* [What the task requires] Could you output only the lines from the one containing "-中国人民解放军总医院" through the last line of the data, both included?

* [Source material]

■ ■ ■ ■

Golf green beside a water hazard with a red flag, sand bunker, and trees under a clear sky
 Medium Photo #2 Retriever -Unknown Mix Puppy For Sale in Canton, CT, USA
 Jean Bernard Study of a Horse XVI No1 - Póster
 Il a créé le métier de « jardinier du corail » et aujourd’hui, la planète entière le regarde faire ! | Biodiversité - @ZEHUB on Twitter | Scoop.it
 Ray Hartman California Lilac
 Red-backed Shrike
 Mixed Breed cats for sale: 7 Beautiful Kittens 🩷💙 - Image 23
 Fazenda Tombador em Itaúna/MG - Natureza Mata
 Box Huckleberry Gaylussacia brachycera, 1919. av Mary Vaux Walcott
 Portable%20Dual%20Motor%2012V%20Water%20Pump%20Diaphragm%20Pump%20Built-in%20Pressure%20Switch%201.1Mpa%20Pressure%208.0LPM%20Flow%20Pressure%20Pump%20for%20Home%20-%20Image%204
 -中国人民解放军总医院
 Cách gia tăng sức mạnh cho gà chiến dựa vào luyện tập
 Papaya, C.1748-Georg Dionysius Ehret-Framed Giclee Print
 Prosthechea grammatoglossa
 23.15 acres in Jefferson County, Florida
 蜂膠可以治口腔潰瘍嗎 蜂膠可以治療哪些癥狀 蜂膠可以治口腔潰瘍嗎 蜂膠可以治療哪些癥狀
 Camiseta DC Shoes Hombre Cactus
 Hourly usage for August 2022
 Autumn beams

■ ■ ■ ■

* [Answer space]
 -中国人民解放军总医院
 Cách gia tăng sức mạnh cho gà chiến dựa vào luyện tập
 Papaya, C.1748-Georg Dionysius Ehret-Framed Giclee Print
 Prosthechea grammatoglossa
 23.15 acres in Jefferson County, Florida
 蜂膠可以治口腔潰瘍嗎 蜂膠可以治療哪些癥狀 蜂膠可以治口腔潰瘍嗎 蜂膠可以治療哪些癥狀
 Camiseta DC Shoes Hombre Cactus
 Hourly usage for August 2022
 Autumn beams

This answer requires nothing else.